**To do:**
Your answer is to be the exact text of the lines from the one containing "Open-concept living room" through the final line of the entries, restated in full, with pictures omitted.

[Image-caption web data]
[Start of section]

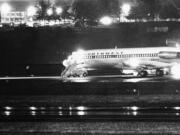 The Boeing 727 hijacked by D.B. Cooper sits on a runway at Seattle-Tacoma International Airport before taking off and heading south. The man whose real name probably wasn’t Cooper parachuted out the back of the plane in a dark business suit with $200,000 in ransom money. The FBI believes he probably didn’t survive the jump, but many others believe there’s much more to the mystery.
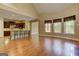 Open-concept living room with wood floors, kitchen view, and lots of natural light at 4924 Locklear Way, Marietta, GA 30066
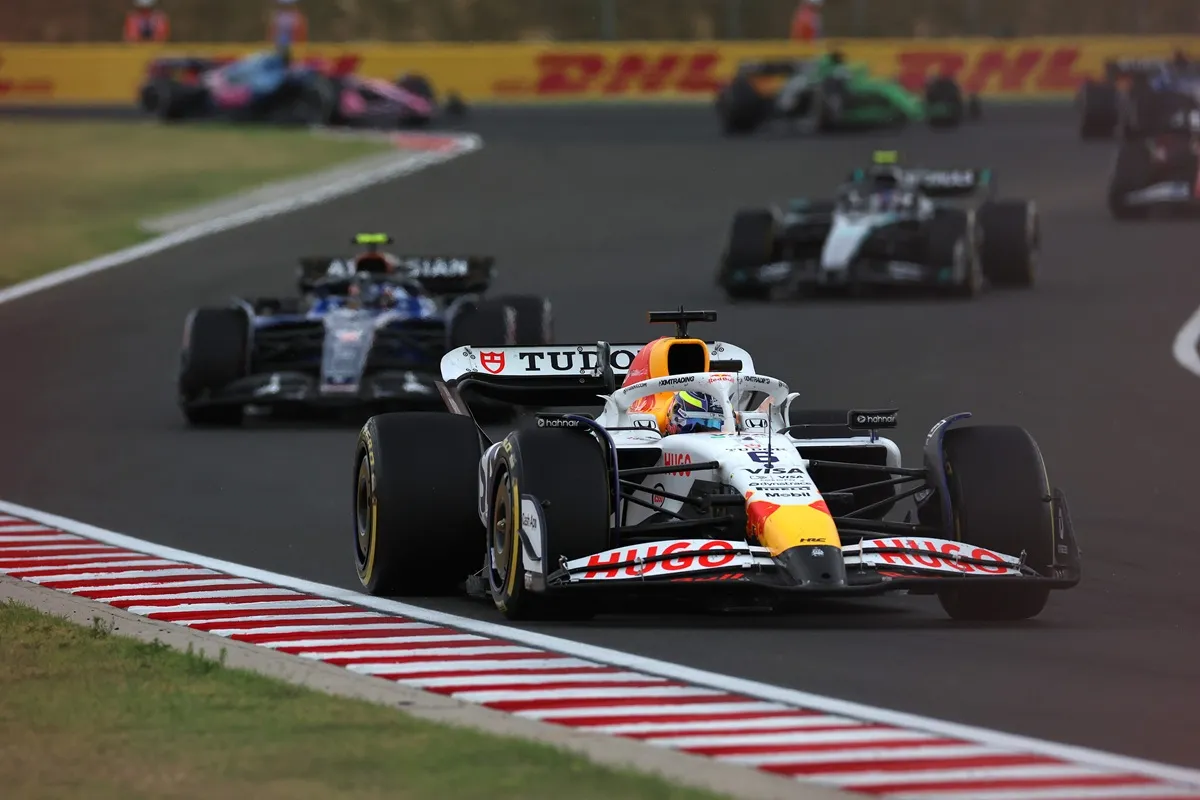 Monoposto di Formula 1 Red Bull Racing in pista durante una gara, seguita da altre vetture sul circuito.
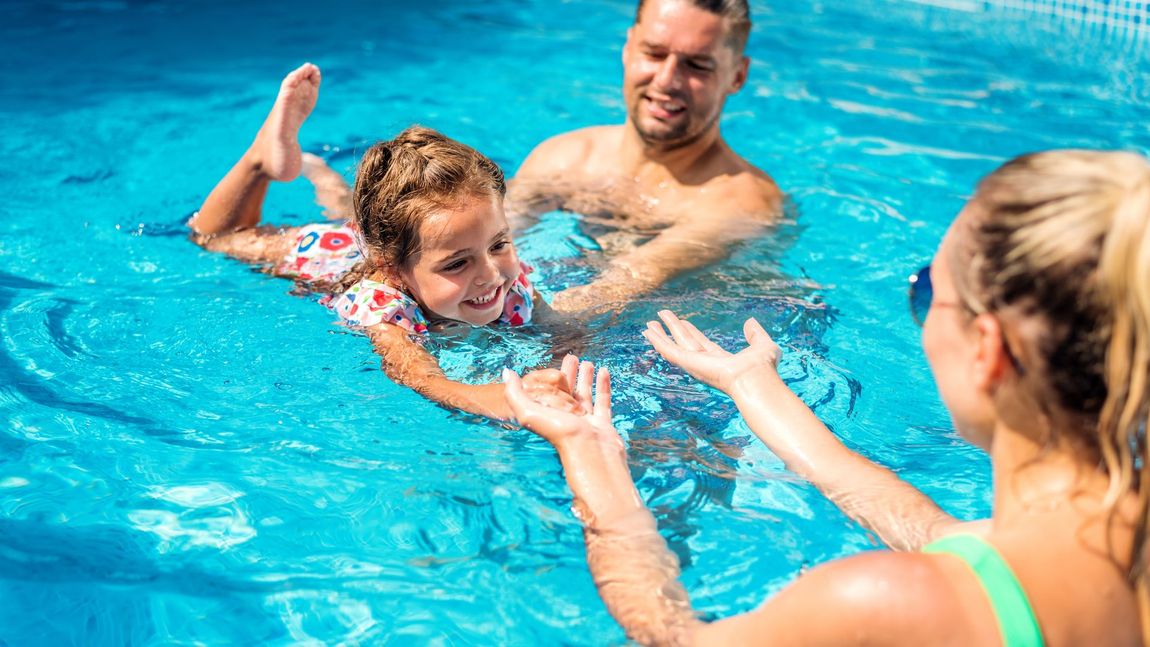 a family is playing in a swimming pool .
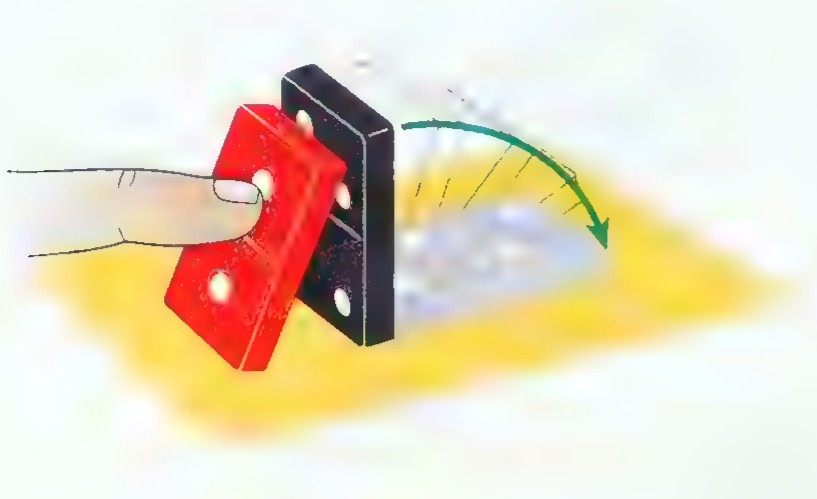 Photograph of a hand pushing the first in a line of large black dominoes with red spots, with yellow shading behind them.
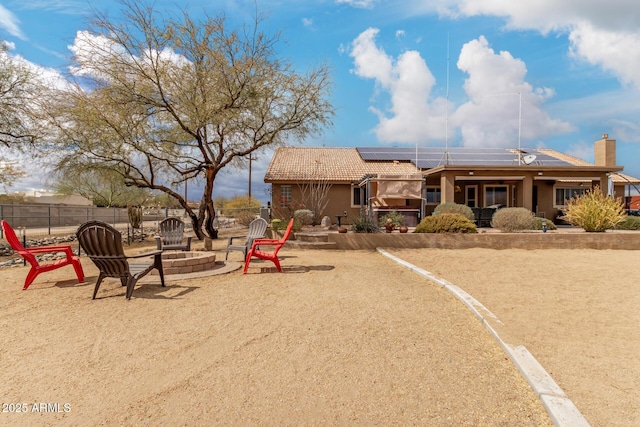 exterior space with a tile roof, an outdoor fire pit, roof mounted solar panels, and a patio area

[End of section]

**Task response:**
 Open-concept living room with wood floors, kitchen view, and lots of natural light at 4924 Locklear Way, Marietta, GA 30066
 Monoposto di Formula 1 Red Bull Racing in pista durante una gara, seguita da altre vetture sul circuito.
 a family is playing in a swimming pool .
 Photograph of a hand pushing the first in a line of large black dominoes with red spots, with yellow shading behind them.
 exterior space with a tile roof, an outdoor fire pit, roof mounted solar panels, and a patio area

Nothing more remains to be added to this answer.